Cooperative Extension San Joaquin County
University of California
Cooperative Extension San Joaquin County

Low residual dry matter on rangeland a concern heading into wet season

Leaving sufficient dry matter on rangeland prevents soil erosion and creates a conducive environment for diverse plant communities to thrive.
Over the past few years, drought has negatively affected everyone in the state and ranchers are no exception. Due to the drought, most areas have seen a decline in forage production and water availability, and as a result many livestock producers reduced their herd sizes and grazing season.

With some recent forecasts bringing encouraging news about a potential El Niño, some ranchers have been asking about what they should expect in terms of forage production, if and when the rains come. What they want to know is how soon rangeland productivity will reach the pre-drought levels again. One issue that I always draw their attention to is the levels of residual dry matter (RDM) on the rangelands. Even with the reduction in herd sizes and shorter grazing seasons employed by most producers, more rangelands now have less than recommended RDM levels.

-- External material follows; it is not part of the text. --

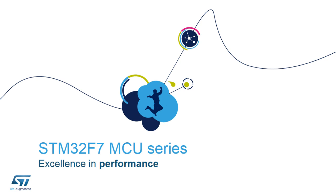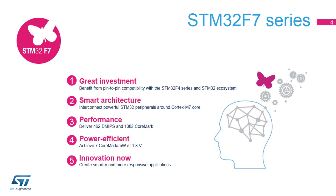Now, let's take a closer look at the STM32F7 series of high-performance microcontrollers. These are the five major points that characterize the STM32F7 series. It is a great investment, as this new series of STM32 microcontrollers benefits from pin-to-pin compatibility with the STM32F4 and the STM32 ecosystem.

RDM is a measure of the old plant material (without counting summer annuals) that are left standing or on the ground before the fall precipitation comes. It is a great indicator of both forage production and grazing intensity. These leftover plant materials are critical on California rangelands to reduce erosion and nutrient loss, and to create a conducive environment for diverse plant communities to thrive. Optimum RDM levels are site specific, they range from 100-2,100 pounds per acre, and depend on precipitation zone, slope and tree canopy cover. Ideal RDM levels increases with precipitation and slope, and decreases with tree cover. Studies show that too low or too high RDM levels will reduce species composition and forage production, both factors critical to any livestock production system. The good news is that annual rangelands are resilient and will likely return to normal production within two years after bringing RDM level to recommended standards.

Knowing the RDM standards for one's rangeland and continuously monitoring is an important step towards achieving sustainable rangeland management and livestock production.

Details about RDM standards, data collection methods and more can be found in the free UC Agriculture and Natural Resources publication Guidelines for Residual Dry Matter on Coastal and Foothill Rangelands in California

Author: Fadzayi Mashiri, Ph.D.

Posted on Friday, October 2, 2015 at 10:24 AM

Comments:

1.
"RMD is a measure of the old plant material (without counting summer annuals)..."  
 
A pretty challenging task, it would seem, if the bulk of existing summer annuals consists of Medusahead.  
 
The photo chosen to illustrate an appropriate level of RMD (probably taken on "Forbes Hill" at the SFREC?) is, at least, a good example of overgrazing.

Posted by Charles A Raguse on October 3, 2015 at 9:06 AM

2.
Re: "RMD is a measure of the old plant material(without counting summer annuals)that are left standing or on the ground before the fall precipitation comes..."  
A pretty challenging task, it would seem, if the bulk of existing summer annuals consisted of Medusahead, for example.  
Further: "Optimum RDM levels are site specific, range from 100-2,100 pounds per acre,..." and depend on a number of widely-ranging environmental factors and levels of their individual impacts.  
The photo presented (apparently taken on the "Forbes Hill Field" at the UC Sierra Foothill Research & Extension Center), if chosen to illustrate a suitable level of RMD for this site, is mostly an example of overgrazing.  
 
My comment then, distills to deleting "(without counting summer annuals)", simply because it can't be done on many, if not most, of California's annual rangelands.